180K+ sign petition against destruction of contraband food at Russian borders
The petition was published on the US-registered website change.org, which specializes in various public initiatives by a private person under the name Olga Savelieva. The author stated that the food embargo had caused a significant rise in food prices, forcing pensioners, large families and other poorer groups to restrict their consumption. She then calls for the president to cancel the order on destruction of smuggled edible items and asks the parliament to develop and pass a law that would allow the seized foodstuffs to be distributed to people in need, free of charge.
“Why destroy the food when we can simply eat it?” the author of the petition writes several times throughout the document.
On Wednesday Vladimir Putin’s press secretary Dmitry Peskov told reporters that the president would be informed about the petition that collected so many signatures, but at the same time expressed some doubt over the reliability of the source.
“One thing that can draw one’s attention is the fact that the resource [where the petition was placed] does not allow for any trustworthy identification of the signatories. This is why we will have to establish if the number of signatures is real, knowing the speed with which this number was reached,” Peskov said.

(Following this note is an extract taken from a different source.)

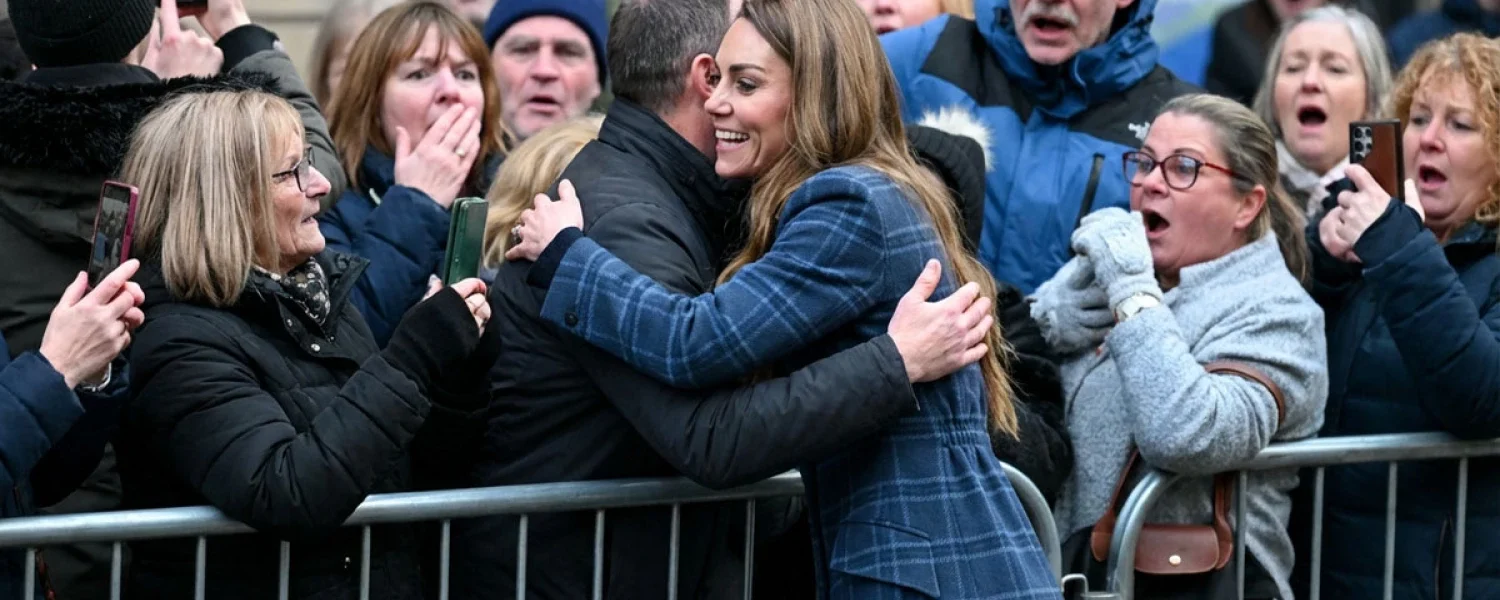 The Catherine Princess unexpectedly ran to hug a stranger, leaving Prince William stunned.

Change.org does not offer any complicated user verification and requires only an email for any backer of any petition. The website’s policies have earlier caused controversies after it appeared it was selling the collected emails to political parties in the UK.

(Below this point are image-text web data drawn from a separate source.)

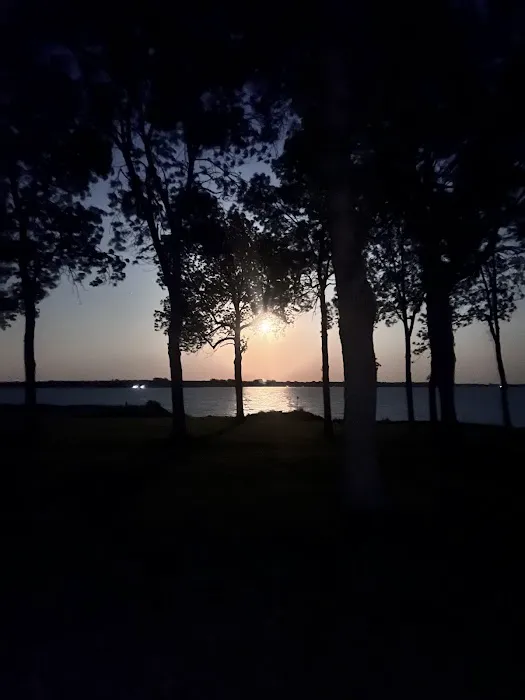 Ontario Shores and Marina (RV Park) Picture 8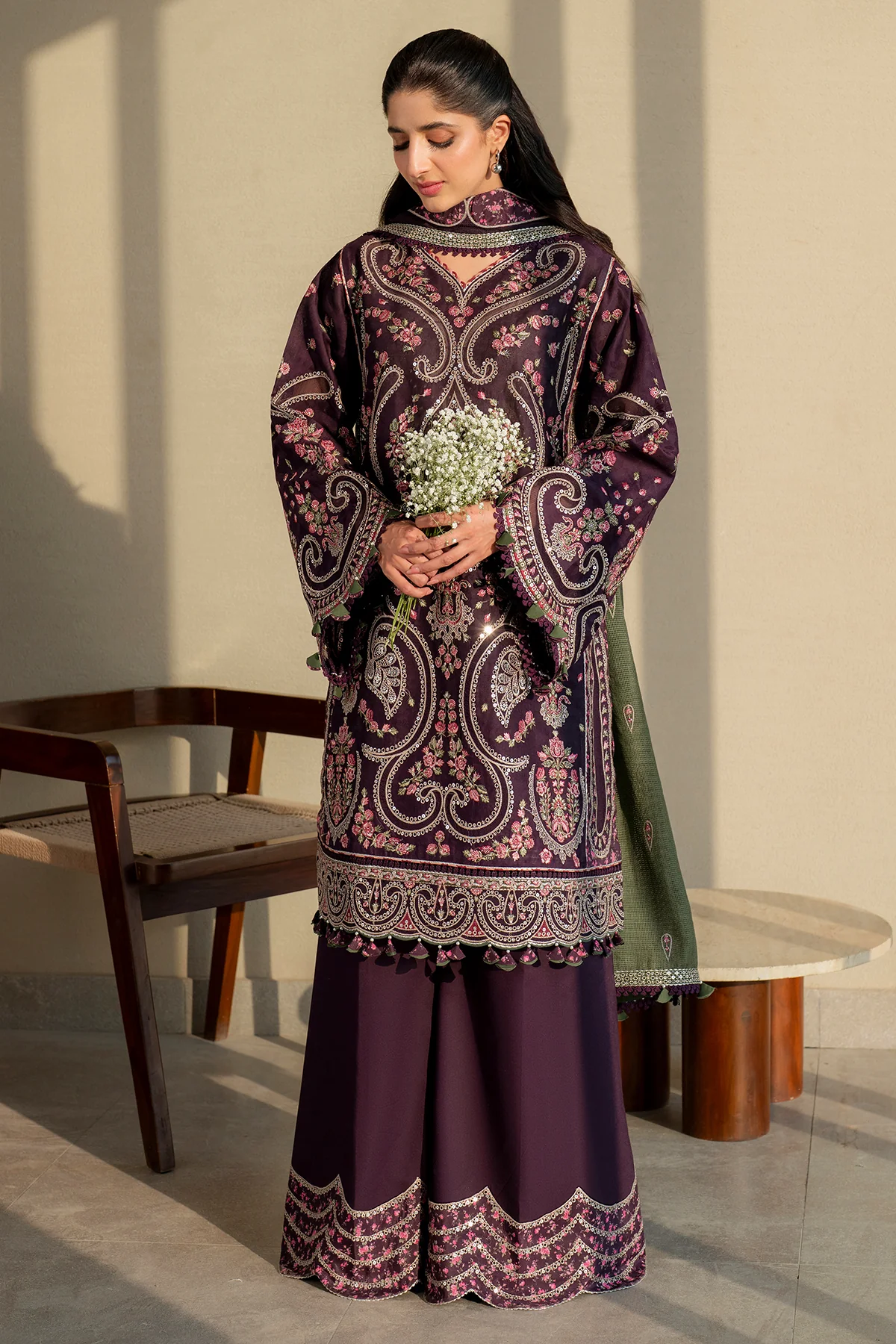Pakistani Embroidered Luxury Lawn SL25-D6 Unstitched Suit | Latest Pakistani Salwar Kameez Punjabi Suit Designer Wear.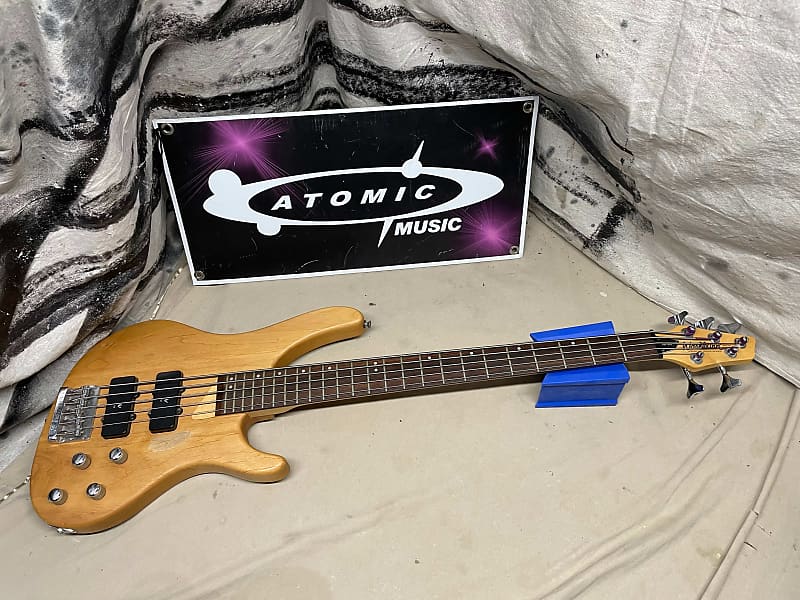 Washburn XB-500 XB500 Bantam 5-String Bass Designed By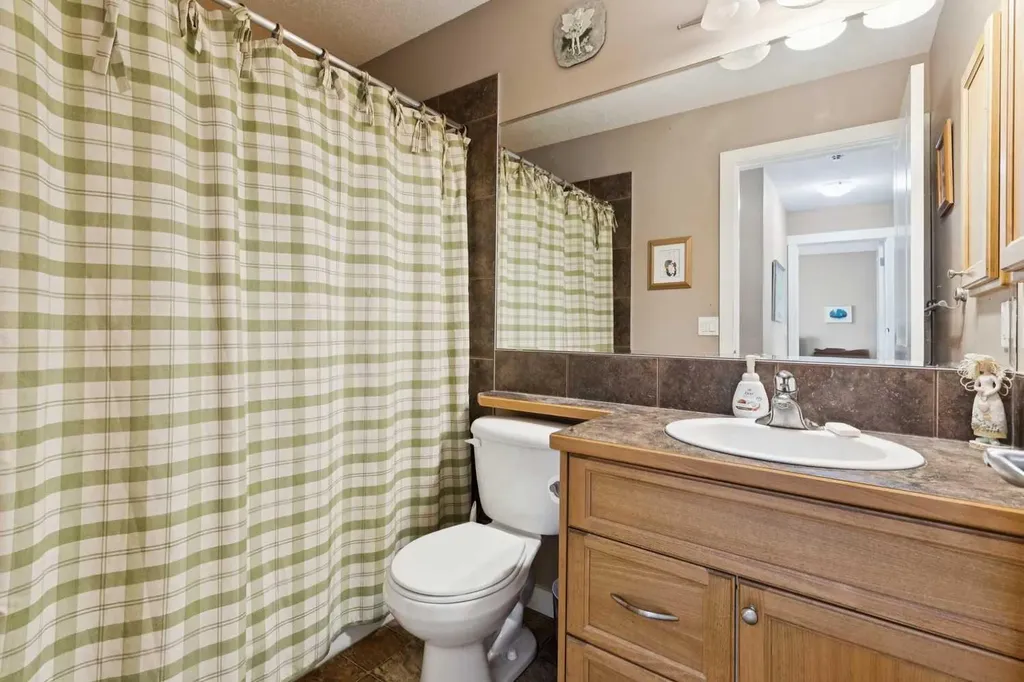 47 Sheep River Cove Okotoks AB T1S 2L4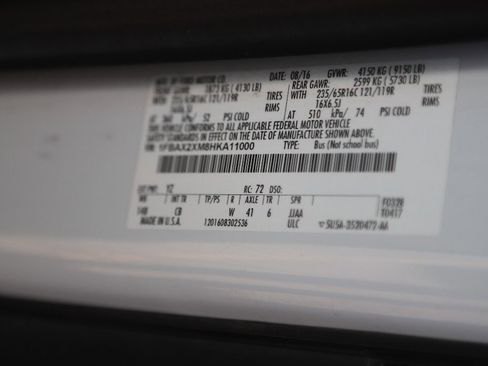 Used 2017 Ford Transit 350 XLT image 19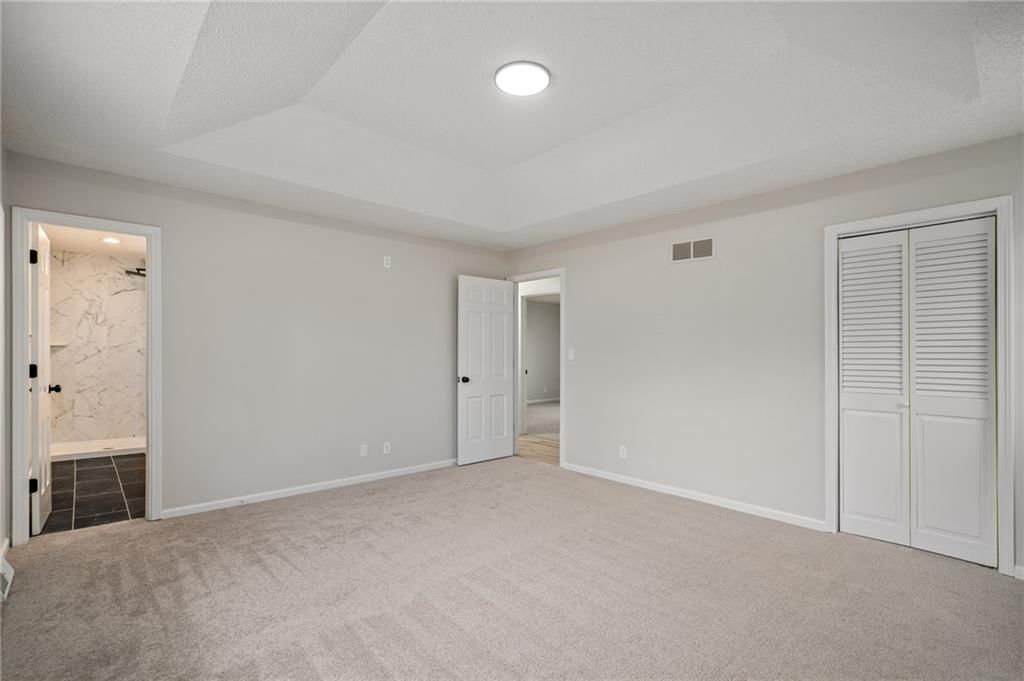 6333 Woodstock Street — photo 27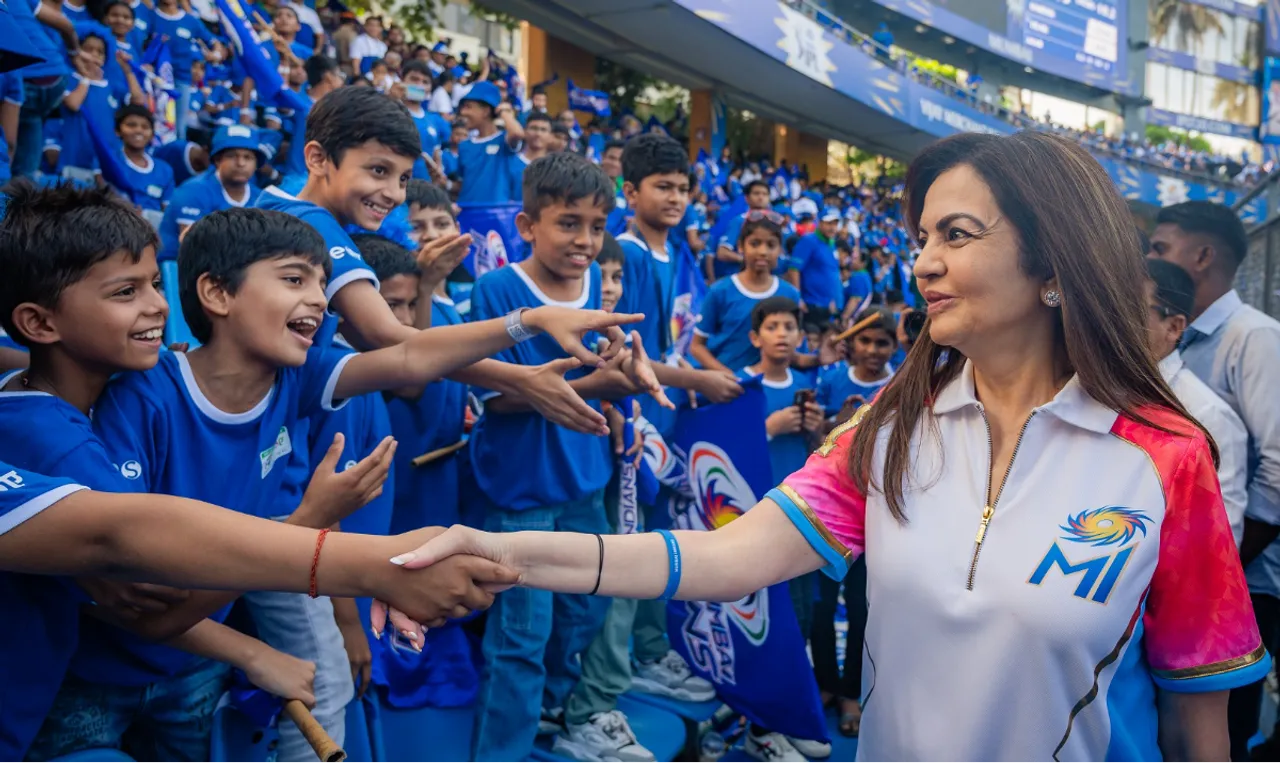 18,000 girls and boys witness Mumbai Indians' thrilling win against Delhi Capitals as part of the ESA Day celebrations at the Wankhede Stadium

Russia has its own online tool for petitioning – the ‘Russian Public Initiative’ website. Under a law passed in mid-2013, any motion published on this site automatically becomes a legislative initiative after gaining 100,000 signatures in support. However, verification on the state platform is more thorough. Also, only Russian citizens are allowed to participate and obviously only one vote per person is allowed.
The presidential decree ordering all food products that have been imported to Russia in violation of the food embargo destroyed on the border comes into force on August 6.
“Agricultural products, raw materials and food items exported to the territory of the Russian Federation, with a country of origin that imposed sanctions against the Russian legal entities and/or individuals or joined said decision, and that are banned from entering the territory of the Russian Federation, are subject to destruction as of August 6, 2015,” the document reads.
The ruling doesn’t apply to food items brought to Russia by individuals for personal use if they are accompanied by proper paperwork.
The previous rules ordered to send the seized contraband products back to the country of origin.
The petition on Change.org was one of the most successful, but not the only or the first attempt by politicians and activists to use the controversial subject to gain public and media attention.
Earlier this week, a lawmaker representing the center-left Fair Russia party proposed sending the banned food to the war-torn Ukrainian regions of Lugansk and Donetsk, which are suffering from a humanitarian crisis caused by the pro-Kiev military. Last week the longtime head of the Russian Communist Party, Gennady Zyuganov, said that the seized contraband food should be inspected by the special commission and if found safe sent to orphanages and to Donetsk and Lugansk.
As the Russian parliament is currently on vacation, these suggestions have so far failed to gain any traction.